NYU Center for Data Science, Meet the Researcher: Anton Strezhnev
Meet Anton Strezhnev. Prior to joining CDS as a Moore-Sloan Data Science Fellow, Anton obtained his PhD from the Department of Government at Harvard University in 2018. His current work focuses on applied statistics, causal inference, and global economic governance. We caught up with Anton to discuss his research, what kickstarted his path to data science, and his overall experience at CDS.
This interview has been lightly edited for clarity.
I see you received your PhD in 2018 from the Department of Government at Harvard University. What brought you to CDS?
My background is in political science. Most of my work is at the center of applied statistics and then substantively working on studying legal systems, in particular international law. A lot of my recent work has been on international arbitration and doing empirical work trying to disentangle certain elements of that system. But recently, it’s expanded outwards towards empirical legal studies more broadly. Prior to being at CDS, I was a post-doc at the University of Pennsylvania Law School, where I worked on a number of applied legal projects, quite a few of which are continuing to the present day.
Towards the end of that post-doc, I ended up in touch with Arthur Spirling, who recommended that I apply for the CDS faculty position. He was actually one of my old Professors back at Harvard — I took one of the later graduate method courses with him. Arthur is a wonderful colleague and from what I heard has been really great at promoting the social science elements of CDS and the combination of data science and social sciences. There was sort of this nice confluence of interest on the part of CDS for someone who does empirical legal analysis and empirical legal work, and someone who also does work in the causal inference area. As part of the Moore Sloan Fellowship, I’ve been teaching the undergraduate causal inference course. This semester has not gone as expected with the lockdown, but enrollment is actually at the cap for next semester so I guess people are excited about it.
Lately, a lot of what data science and machine learning is about is solving various predictive problems on high dimensional data.
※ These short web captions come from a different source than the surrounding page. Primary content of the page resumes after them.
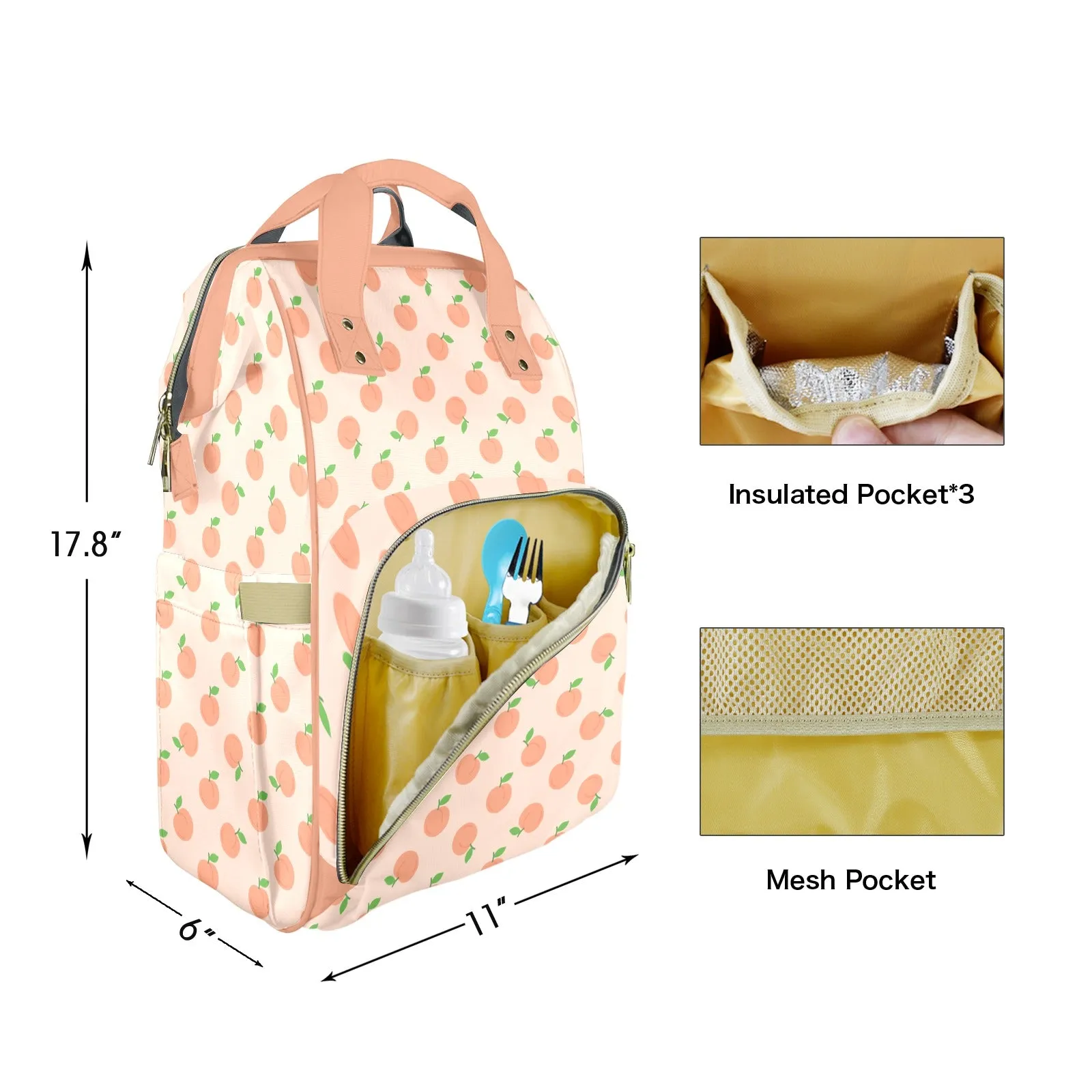 Just Peachy Customizable Diaper Bag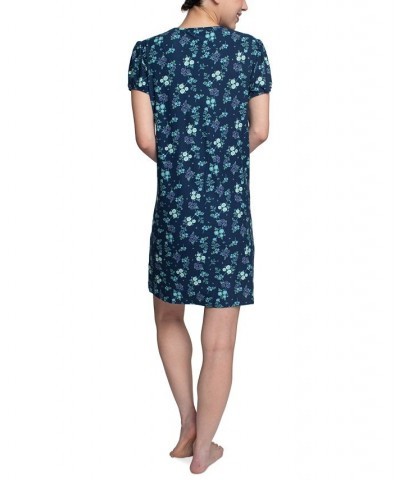 Women's Printed Sleep Shirt Blue $18.86 Sleepwear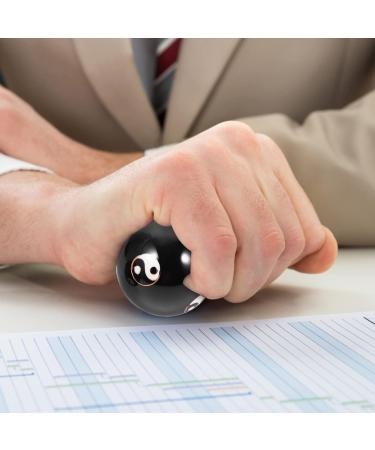 Healeved Baoding Balls - Chinese Health & Massage Balls for Hand Therapy Stress Relief | 2 Black Metal Meditation Balls with Case & Yang Patterns - Buy Online on GoSupps.com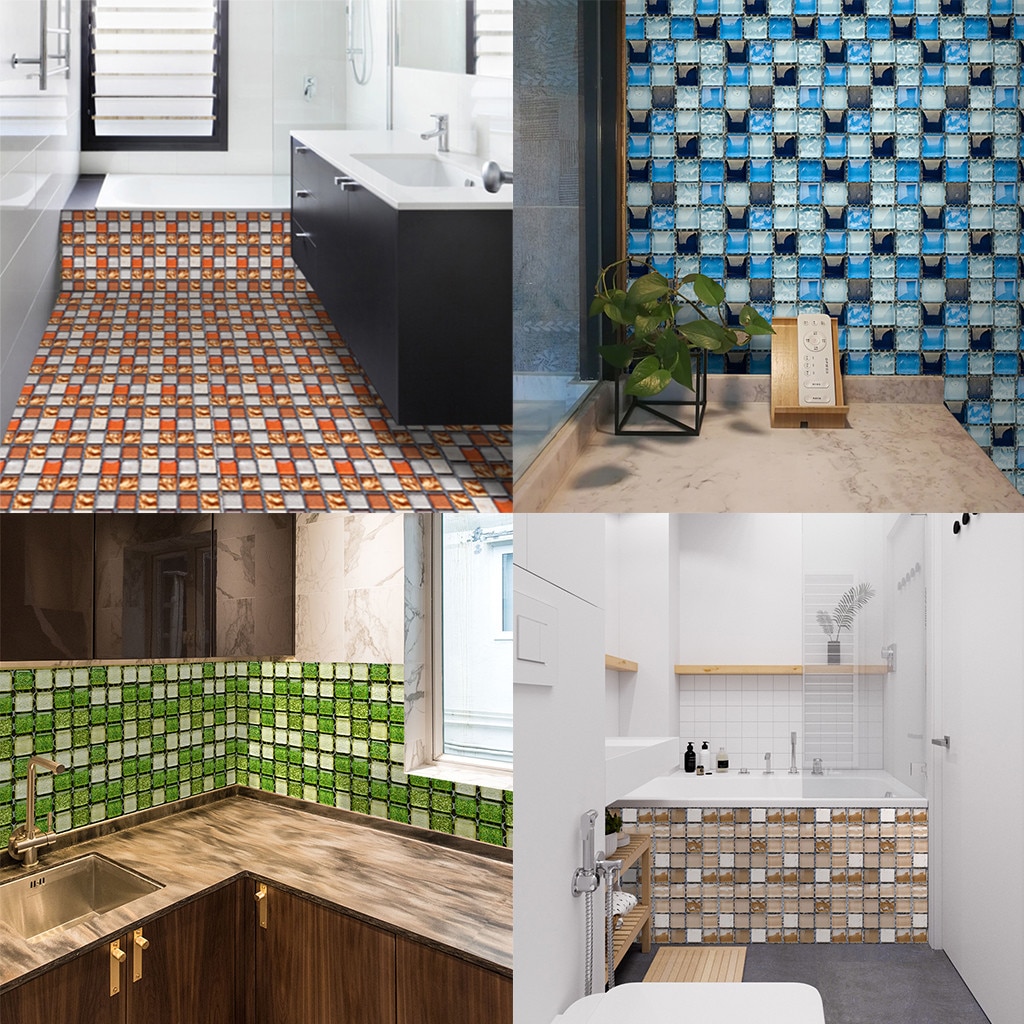 10 stk mosaikvæg fliser skræl og stick selvklæbende backsplash diy køkken badeværelse hjem væg klistermærke vinyl badeværelse 3d #w3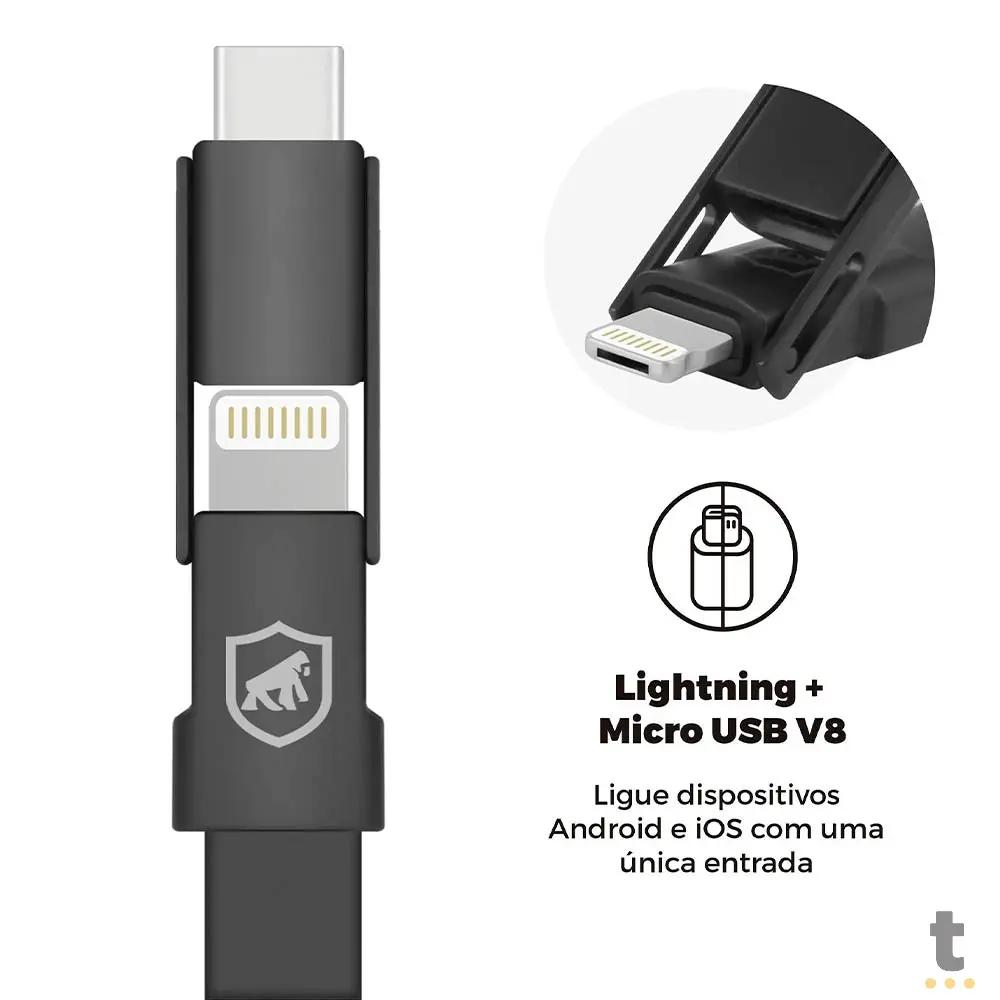 Cabo de Dados USB GShield 3 Em 1 Micro USB / Lightning / Tipo C Curto - J2SKGH5WB Truedata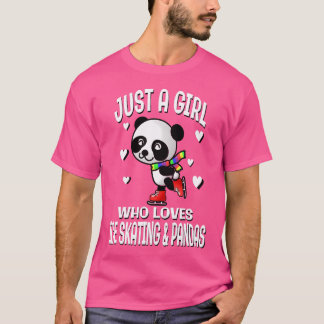 T-shirt Juste une fille qui aime les pandas de patinage su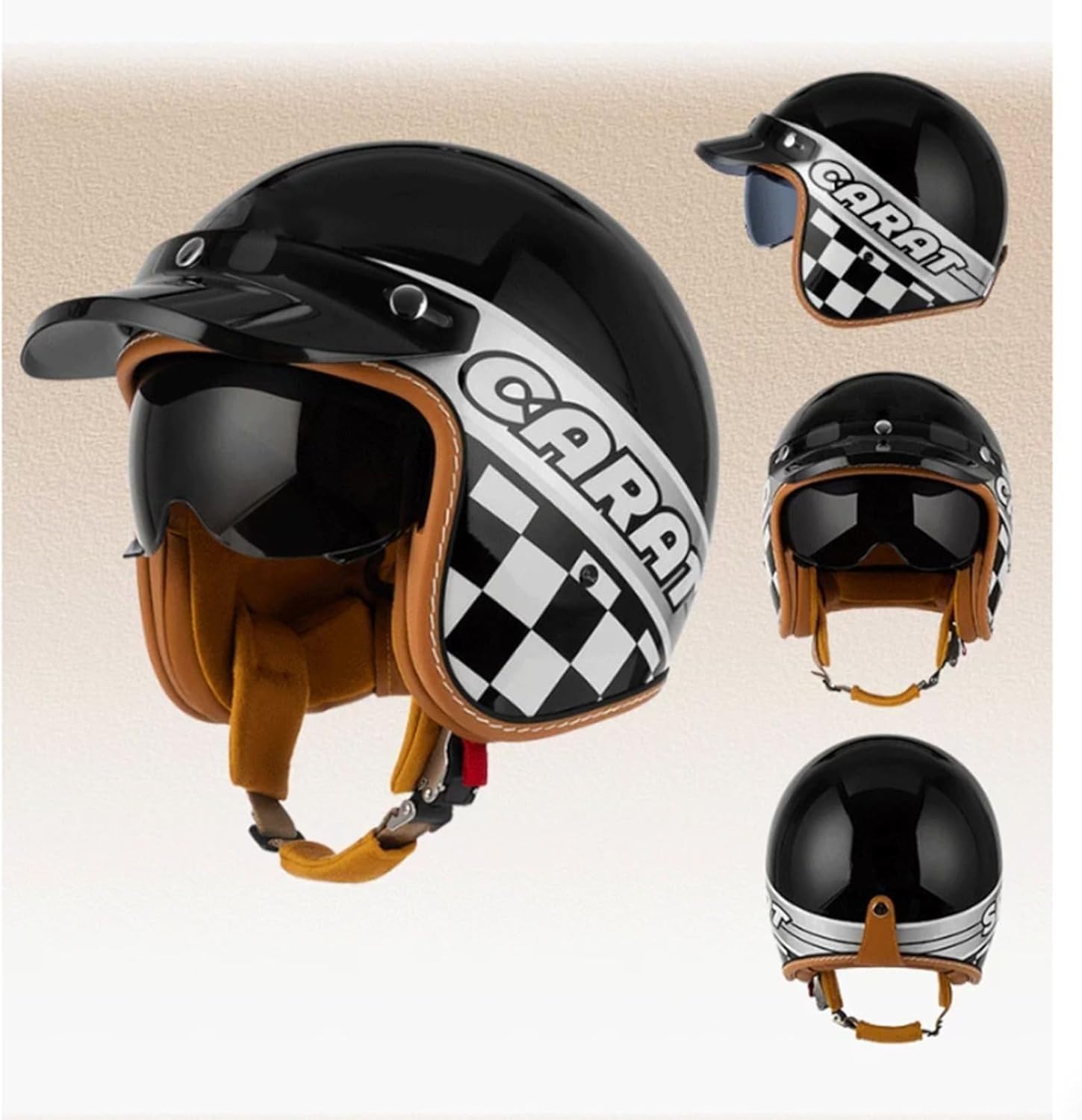 Retro-Jet-Motorradhelm, ECE- und DOT-geprüft, klassischer Vintage-Jethelm mit Visier, Unisex-Mopedhelm für Damen und Herren D,XXL=61-63cm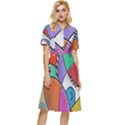 Modern art Button Top Knee Length Dress View1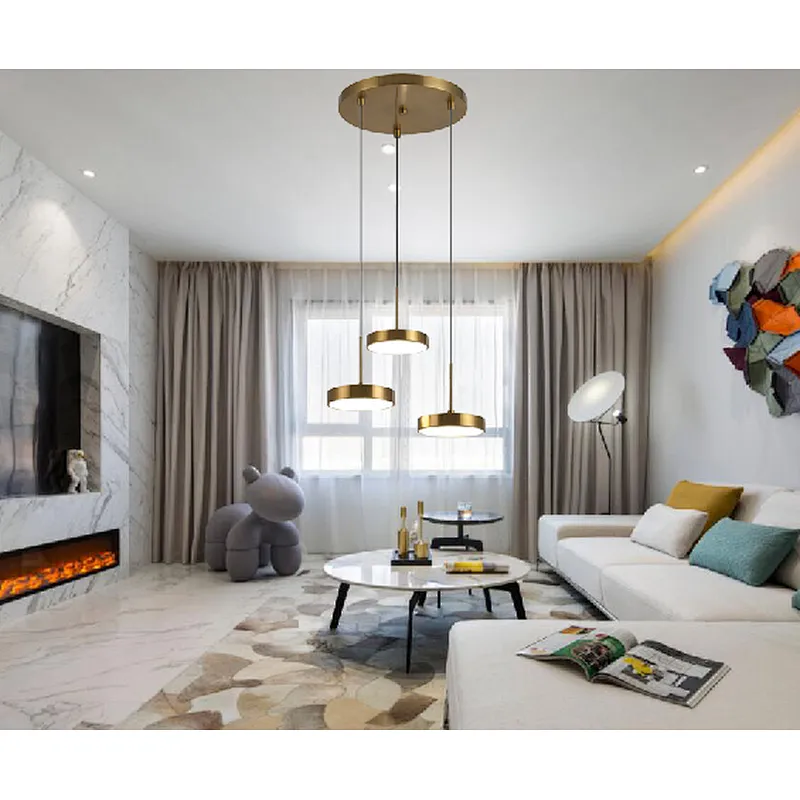 Post modern luxury copper led 18W ceiling pendant light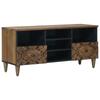 TV Stand with Shelf Brown 100 X 33.5 X 46 Cm Solid Mango Wood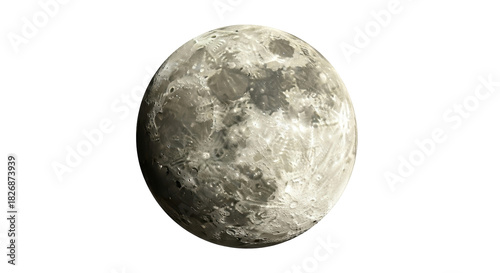 Detailed moon surface PNG isolated on transparent background, celestial body with craters and lunar landscape for astronomy and science projects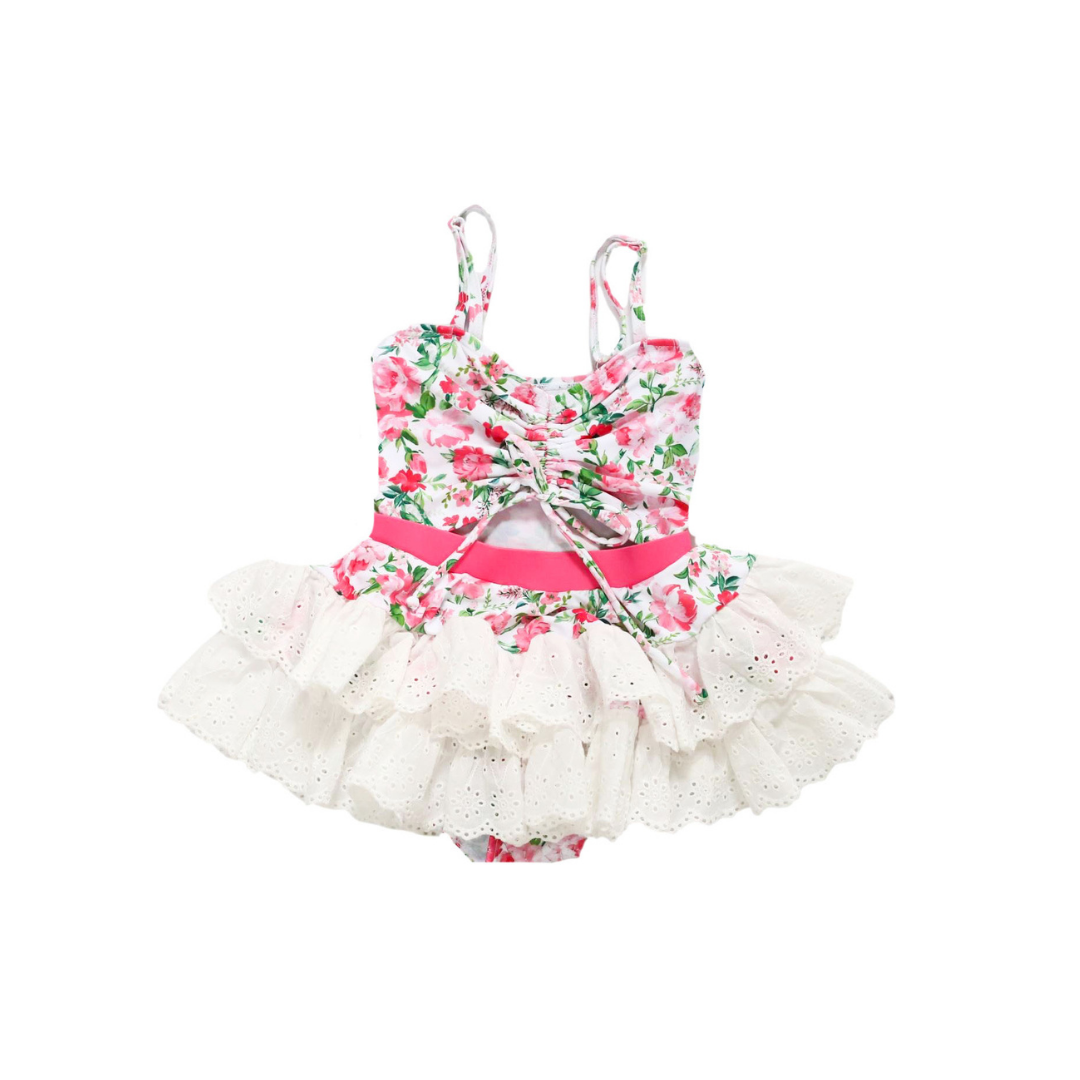 Girls Sunset Floral One Piece Swimsuit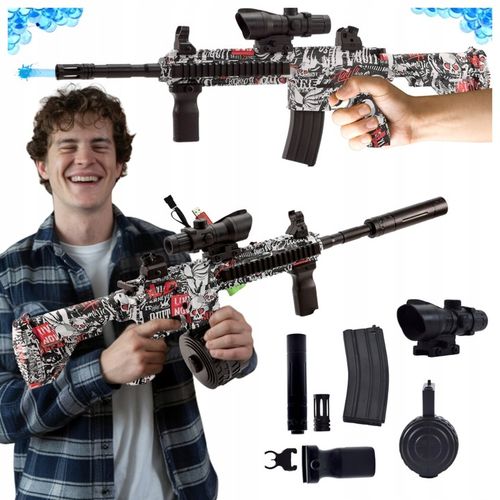 BEZPIECZNY WIELKI KARABIN NA KULKI ŻELOWE AUTOMAT MASZYNOWY PISTOLET BROŃ na Arena.pl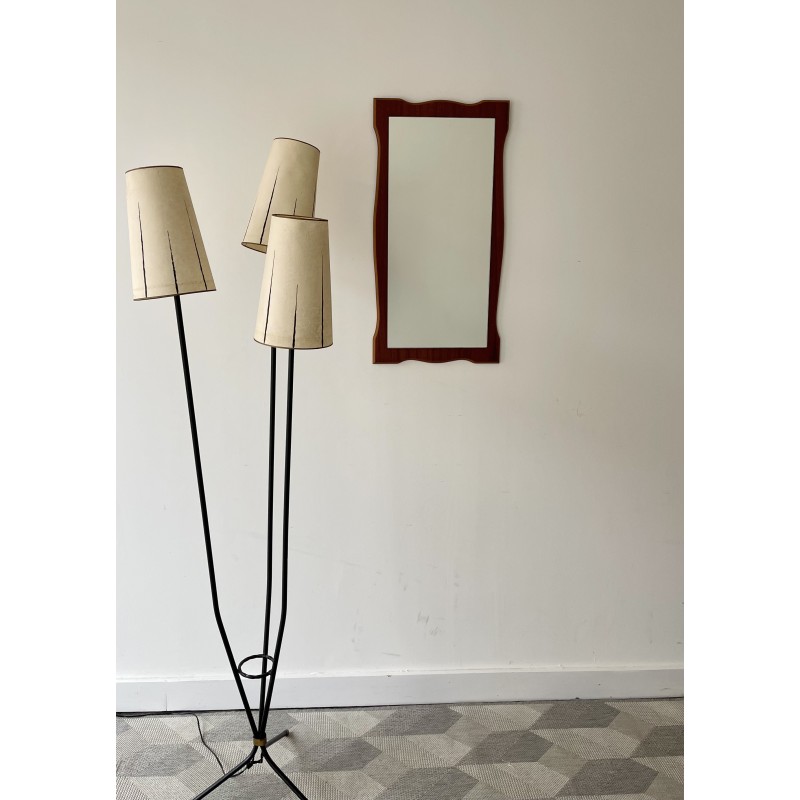 Miroir vintage rectangulaire avec cadre en teck, 1970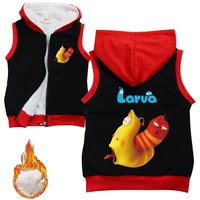 2021 winter cartoon larva clothes kids keep warm vest sleeveless jackets girls velvet coats children outerwear baby boys parkas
Conversely, a lot of my work tends to be more towards how we identify causal effects from data. In the experimental world, this tends to be easier, though certainly experiments raise a lot of design issues. But what I also really care about is observational designs for causal inference — essentially asking the question of how to say that something is causal in a world where we don’t get to directly randomize the treatment of interest. There, I think there’s growing demand for the kinds of tools being developed in data science.
When did you first become interested in data science?
I think it dates back to when I was an undergraduate at Georgetown University and my first research assistant role. As part of my funding package, I was eligible for work study and I was looking for a position on campus.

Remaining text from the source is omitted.